Selection sort

Selection sort#

Selection sort works by finding the minimum element of the list each time and swapping elements to get the list sorted. Where insertion sort creates a new list, selection sort is an in place algorithm.

Here’s some pseudocode:

-- selection sort - sort a list l of length n in place
for each index i in 0 ... n - 2 inclusive:
    j = minimal element in range i ... n - 1 inclusive
    swap i and j

Why does this work? Let’s imagine we’re sorting a list [4,3,1,2]. What happens?

  • First, i is 0. We find the minimal element in the range 0 to n-1, i.e., of the whole list. The minimum is 1, and it’s at index 2. So we swap indices 0 and 2, and our list is now [1,3,4,2].

  • Now i is 1. We find the minimal element in the range 1 to n-1, i.e., leaving out index 0, which we know is sorted. The minimum is 2, and it’s at index 3. So we swap indices 1 and 3 and our list is now [1,2,4,3].
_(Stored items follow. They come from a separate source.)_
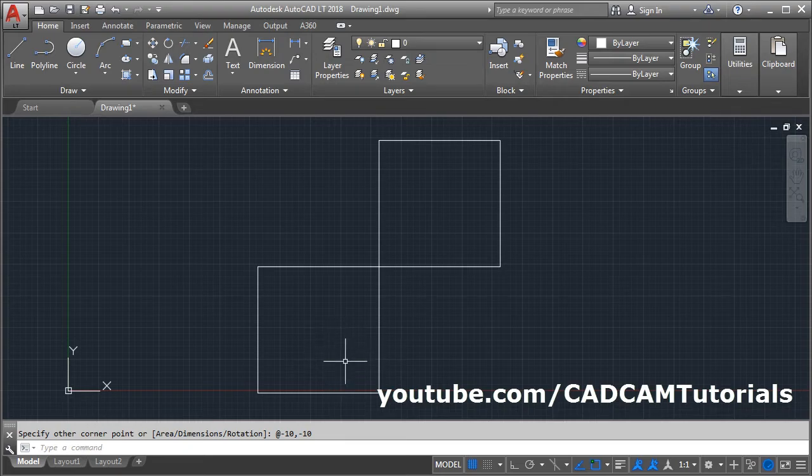In this way you can control the direction also. That's all, thanks for watching.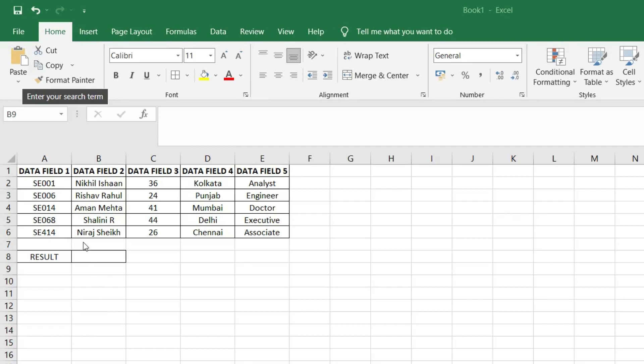The column function returns the column number of the given cell reference. Here we have five data fields with specific information as given.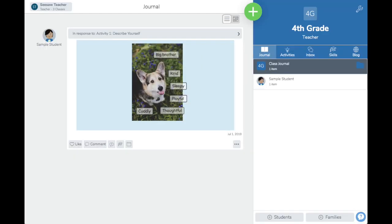Now that I have submitted my response as a sample student, I am back in my teacher view. I can view the test response I just created as the sample student.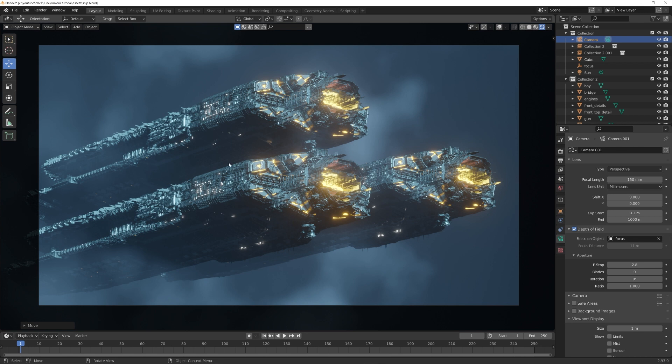So there you go, that is how you create a sense of scale with focal length. Really quick tip there. Thank you guys for checking that out, I hope you learned something.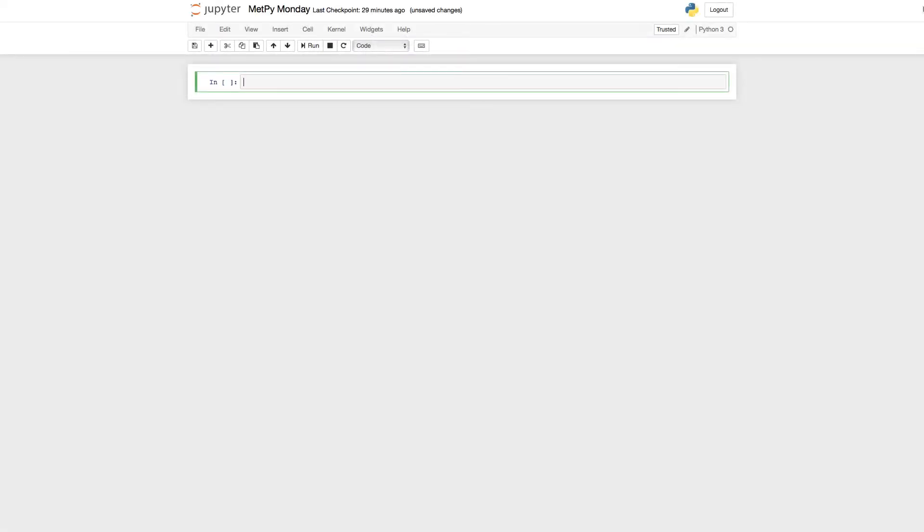Hello, this is John Lehman, a software engineer at Unidata, and welcome to another MetPy Monday. On this week's MetPy Monday, I want to talk to you about some functionality that we're moving out of MetPy into our Siphon package.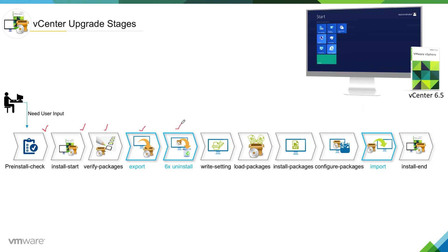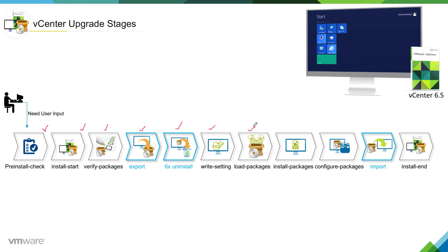Then installer will move into write setting phase where installer will create a settings.json file based on the information it collected from probing and from the user. Then installer will move into load packages state and it will start loading the packages which it has to install. It will save the packages locally on Windows and from there it will run those packages as per the requirement.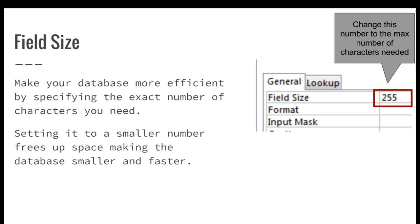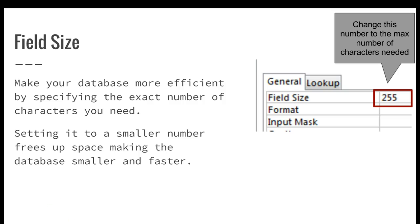In Access, one thing you might want to do is specify a specific field size so that we don't include too many characters. This will also speed up the system.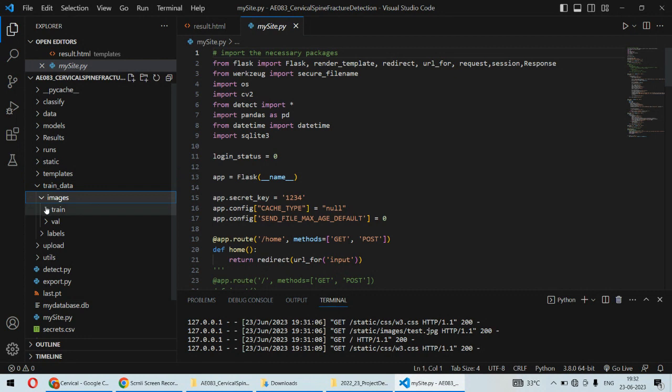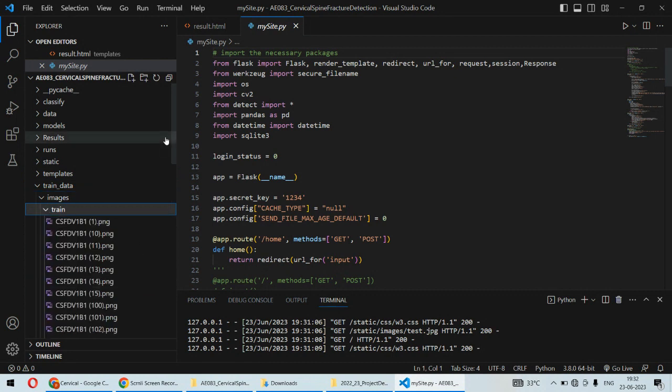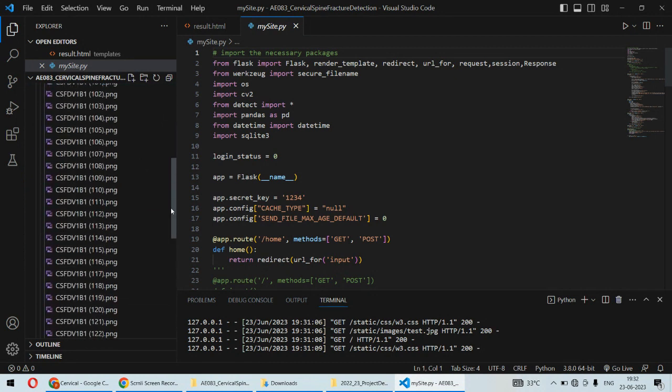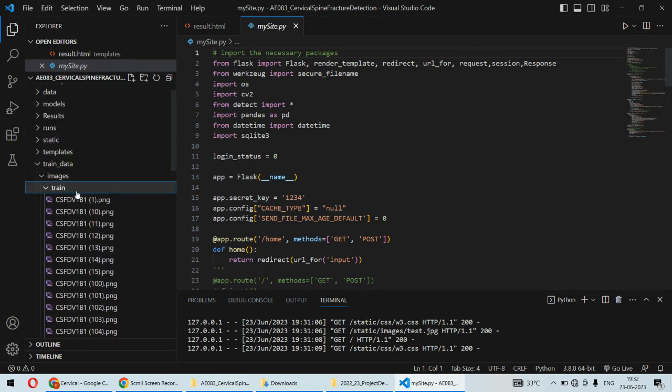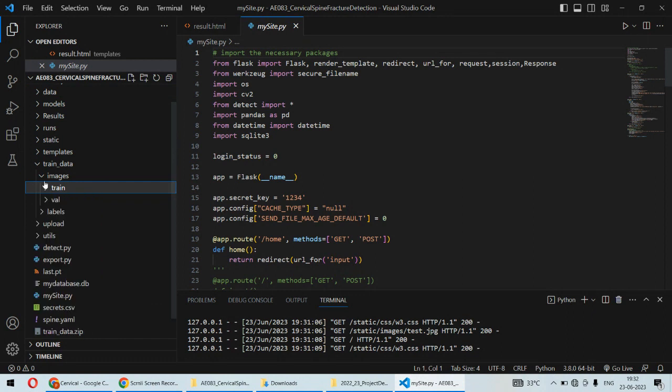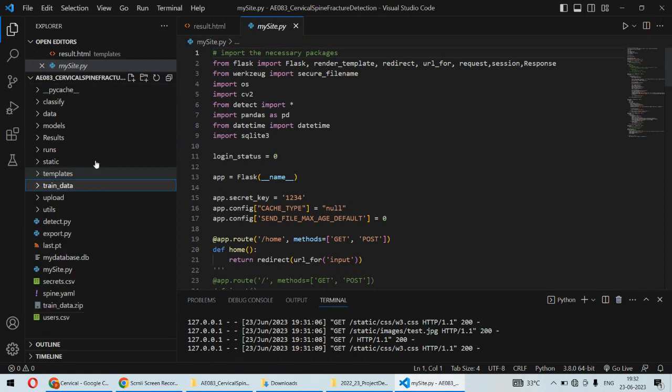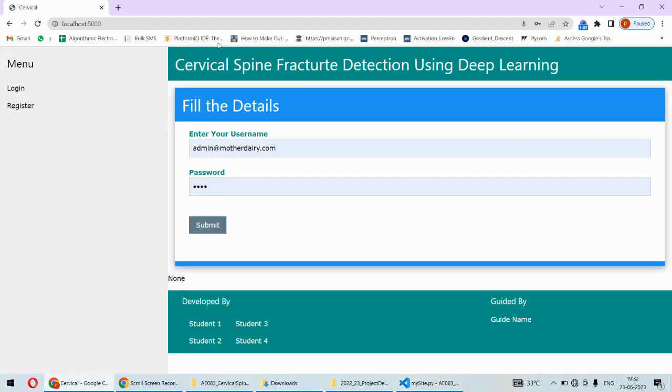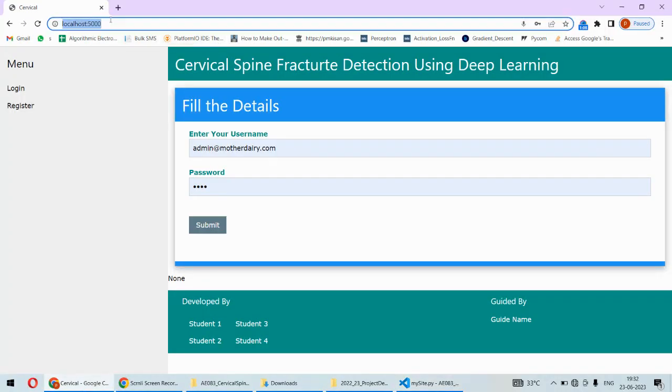Once the model is trained, then we can actually classify or we can detect the fracture regions. It will correctly identify the fracture regions in that particular spinal image. So that is the idea behind this project.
  • Now i is 2. We find the leftmost minimal element in the range 2 to n-1, i.e., leaving out indices 0 and 1, which are know are sorted. The minimum is 3, which is at index 3 (after the last swap). So we swap indices 2 and 3 and our list is now [1,2,3,4].

  • We’re done! We don’t need a loop for the last index, because everything to the left is sorted and was less than this element.

The intuition for correctness here is that at the end of iteration i, everything up to i is sorted, and everything to the right is no less than everything up to i.

For performance, selection sort does a lot of comparisons: each element is compared to the rest of the list. If the list is of length n, we’ll do n ** 2 comparisons. That turns out to be on the high side for sorting. But thw good news is that we’ll do at most n-1 swaps—one per iteration. (If i and j are the same—i.e., the minimal element is already in the right spot—we don’t need to actually swap anything.) So if it was cheap to compare elements but expensive to swap them, selection sort could be a great fit.